Hands-on Tutorials
Who Does Smartphone Location Data Represent?
A rapid validation of Facebook data
This work has been done entirely using open data, and was co-authored with Kai Kaiser. All errors and omissions are those of the author(s).
In crisis situations, governments and international relief organizations have traditionally relied on administrative reporting and survey data. This data is used to inform the emergence, response, and recovery related to shocks, such as natural disasters or public health crises. However, although traditional data can be carefully collected and purpose-built for measuring various socio-economic dimensions of disasters, it faces limitations. It can be infrequent, costly to implement, subject to lag, and may not be representative at higher levels of spatial granularity. Moreover, systems in many developing countries are simply not equipped to measure and rapidly make this data available in the face of an unanticipated development.
The proliferation of smartphone devices has led to a paradigm shift in data collection
Devices containing GPS technology make it possible to measure human movement at an unprecedented scale and frequency. Increasingly, tech companies such as Facebook, Google, and Apple, as well as app integration or mapping providers, such as Unacast, Cuebiq and Mapbox, have made these data assets available to the humanitarian community, as part of a ‘data for good’ movement––accelerated by COVID-19. Although not purpose-built for risk management, datasets derived from location data are available at high spatial precision, with frequent (typically daily or even 8-hourly) updates. Moreover, they are often made available by the same provider for several countries at a time, a consistency in method and measurement that is uncommon in traditional data.
For policymakers relying on traditional mobility measures, this can be game-changing. For instance, some datasets are available at the level of grid tiles or pixels, typically about 1km x 1km in dimension, and can be aggregated upwards arbitrarily depending on areas of interest. This enables mapping granular mobility data to smaller and smaller lenses of interest, such as wards/communes in settings such as Viet Nam, Union Councils in Pakistan, or census tracts in the United States.
The make-or-break question: Who does this data represent?

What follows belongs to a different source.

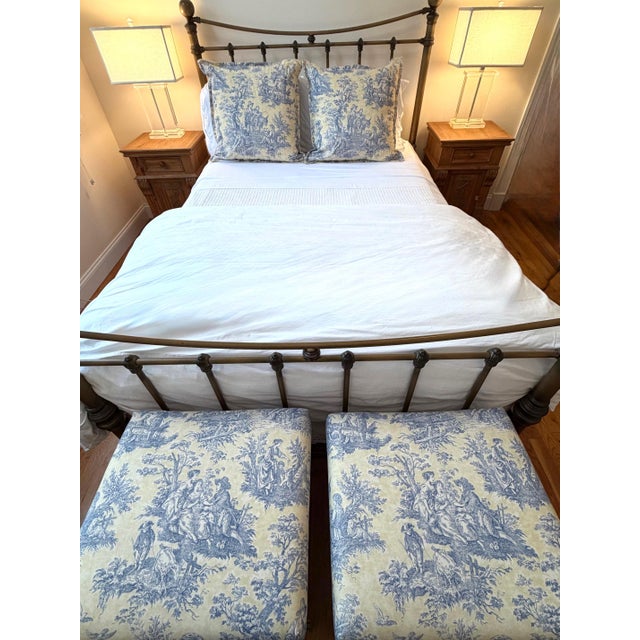 A Pair of Custom Toile Shams in Butter Yellow and Blue For Sale - Image 4 of 10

If carrying a smartphone or GPS-based device is required to be included in this data, inevitably, the data will skew towards affordability. Additionally, in low-income countries, if only one family member has a smartphone (compared to the US, where a third of households have three or more smartphones), the data might also skew towards ‘breadwinners’, and therefore also be gendered. Frequent, accessible analysis of how representative GPS-based data is remains of utmost importance, especially if it is to be applied to risk mitigation policy.
The availability of globally available geospatial layers (population counts, gender and building footprints) makes it possible to quantify representativeness rapidly, and conduct comparative national validations of this data.
A deep dive into Facebook mobility data
Given the wealth of possible applications of mobility data for public policy, we apply a rapid and replicable appraisal method to baseline mobility data across different local contexts. This method is applied below to understand how representative Facebook traces are of local residents, as well as transient populations such as tourists or displaced persons. We chose Facebook data because it has a large community of users already applying it to answer policy questions.
Two major products Facebook provides for mobility analytics are discussed. First, Movement Range Maps measure mobility at the level of administrative units. This dataset can prove instrumental for rapid assessments of disaster impacts. Second, Facebook Disaster Maps provide counts of Facebook users not at the level of administrative boundaries but Bing tiles, with sizes that begin at 600m x 600m. These tiles can be aggregated upwards arbitrarily depending on areas of interest, such as in the case of Movement Range Maps, which are aggregated metrics built from the number of Bing tiles that Facebook users visit over a given time period.

Using Movement Range Maps, it is possible to conduct a quick validation step. We find that the Stay Put metric, or the “ratio of Facebook users staying in a single tile all day”, is highly correlated with residential visits data provided by Google Community Mobility Maps. Figure 1 illustrates this consistency for three Pacific countries: Vietnam, Indonesia and the Philippines.
In terms of global coverage, Google and Facebook mobility data tend to be correlated in most countries as illustrated in Figure 2. This indicates consistency in representation across datasets provided by tech companies, and motivates further investigation into how these datasets can be used in tandem.
Whilst this data necessarily does not include anyone who does not carry a smartphone, it does indicate one promising result: that across platforms, the spatial distribution of two major mobility datasets––Facebook Movement Range Maps and Google Community Mobility Reports––is highly correlated. This is an important step in the journey to build confidence using these datasets for humanitarian work.
How can interested users access this data?
Movement Range Maps is an open dataset available at the district level. As more and more mobility products are made available to the humanitarian community in the spirit of data for good, it will become foundational to conduct rapid validation exercises to make this data operational.